4. **Join the Two Results**:

```
WITH reddit_data AS (
  -- Reddit query here
),
wiki_data AS (
  -- Wikipedia query here
)
SELECT
  reddit_data.date,
  reddit_data.reddit_comment_count,
  wiki_data.wiki_pageviews
FROM reddit_data
JOIN wiki_data ON reddit_data.date = wiki_data.date
ORDER BY reddit_data.date;
```

Complete solution:

```
WITH reddit_data AS (
SELECT
 DATE(TIMESTAMP(created_utc)) as date,
 COUNT(*) as reddit_comment_count
FROM `pushshift.rt_reddit.comments`
WHERE body LIKE '%election%'
GROUP BY date
),
wiki_data AS (
SELECT
 DATE(datehour) as date,
 SUM(views) as wiki_pageviews
FROM `bigquery-public-data.wikipedia.pageviews_2015`
WHERE REGEXP_CONTAINS(title, r'(?i)election')
AND DATE(datehour)<>current_date()
GROUP BY date
)
SELECT
  reddit_data.date,
  reddit_data.reddit_comment_count,
  wiki_data.wiki_pageviews
FROM reddit_data
JOIN wiki_data ON reddit_data.date = wiki_data.date
ORDER BY reddit_data.date;
```

## **Exercise 5.1 Solution**

**Query**: Find companies in California in the Tech industry.

```
SELECT *
FROM `your_project.dnb_data.companies`
WHERE state = 'CA'
  AND industry = 'Technology';
```

## **Exercise 6 Solution**

**Modified Python Script to Save Data**:

```py
import praw
import csv
import datetime

reddit = praw.Reddit(
    client_id='YOUR_CLIENT_ID',
    client_secret='YOUR_CLIENT_SECRET',
    user_agent='WorkshopScript by /u/YourRedditUsername'
)

subreddit = reddit.subreddit('all')
with open('recent_election_comments.csv', 'w', newline='', encoding='utf-8') as csvfile:
    fieldnames = ['comment_id', 'author', 'body', 'created_utc']
    writer = csv.DictWriter(csvfile, fieldnames=fieldnames)
    writer.writeheader()

    for comment in subreddit.stream.comments(skip_existing=True):
        if 'election' in comment.body.lower():
            writer.writerow({
                'comment_id': comment.id,
                'author': str(comment.author),
                'body': comment.body,
                'created_utc': datetime.datetime.utcfromtimestamp(comment.created_utc).isoformat()
            })
```

## **Exercise 7 Solution**

**Load Scraped Data into BigQuery**:

1. **Prepare the Data**:  
     
   - Ensure `recent_election_comments.csv` is properly formatted.

   

2. **Load Data**:  
     
   - In BigQuery, create a new table under your dataset.  
   - Use **Create Table From**: Upload.  
   - Select your CSV file.  
   - Let BigQuery auto-detect schema.

   

3. **Verify Data**:  
     
   - Run a simple `SELECT` query to ensure data integrity.

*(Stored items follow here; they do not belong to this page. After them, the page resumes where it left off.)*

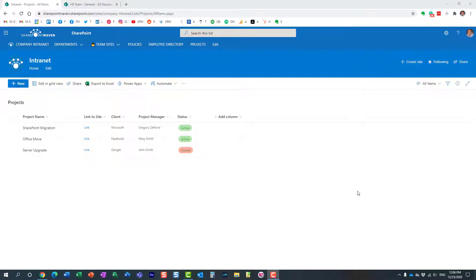Hello, this is Greg from SharePoint Maven, and in today's video I would like to show you how you can add comments to an item in a Microsoft list.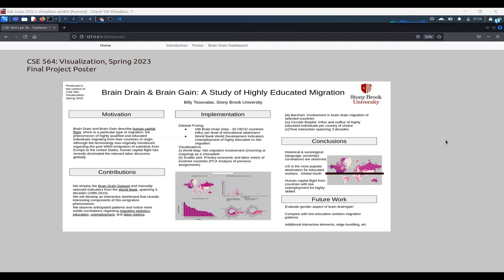And the second one will be a manually curated data set of world development indicators from the World Bank. And both of these span three decades, from 1980 to 2010.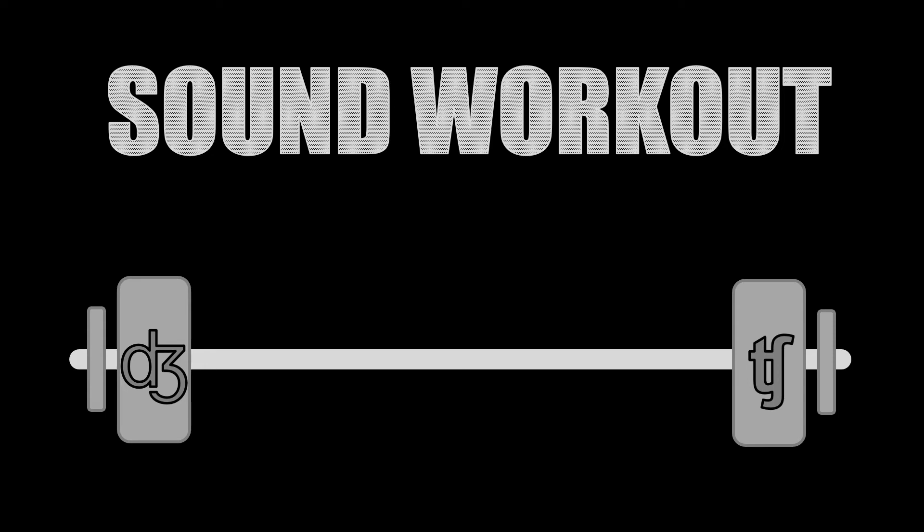Hello and welcome to this episode of The Sound Workout. Today we're going to focus on j and ch.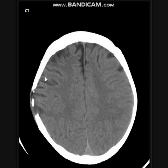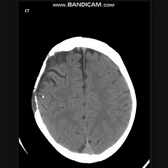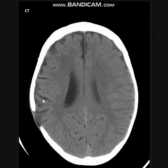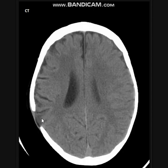Here you can see there is a small bulge of the leptomeninges, and part of the small brain parenchyma is pulsing through the defect of the bone we have seen before.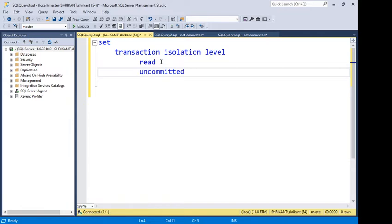You may have a question: last video we already talked about NOLOCK, and this video we are talking about SET TRANSACTION ISOLATION LEVEL READ UNCOMMITTED. Both seem to work the same, right? But there is a big difference. For example, if I'm writing a query with three tables, I need to place NOLOCK at three places. But when I use SET TRANSACTION ISOLATION LEVEL READ UNCOMMITTED, I don't need to place any NOLOCK on the tables.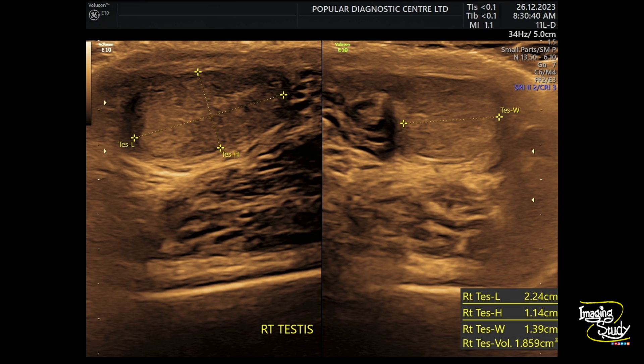Here you can see the still picture of the right testis in longitudinal and transverse sections. You can see the testis is small in size and heterogeneously hypoechoic.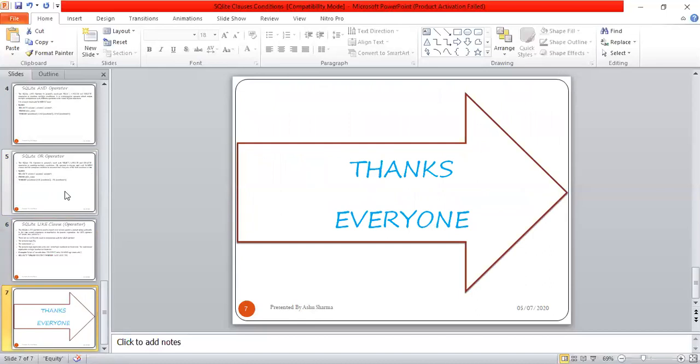Thank you very much for being with me in this session. If you like these videos, please subscribe to my channel and press the bell icon so you can get notifications of the latest videos. Thank you very much. Have a nice day.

## **Exercise 8.1 Solution**

**Query**: Find mentions of companies in Reddit comments.

```
SELECT
  c.company_name,
  COUNT(r.comment_id) as mention_count
FROM `your_project.dnb_data.companies` c
JOIN `your_project.your_dataset.reddit_comments` r
ON REGEXP_CONTAINS(r.body, CONCAT('(?i)', c.company_name))
GROUP BY c.company_name
ORDER BY mention_count DESC;
```

**Note**:

- Ensure that both datasets are properly loaded and accessible.  
- This query can be resource-intensive due to regular expression matching on large text fields.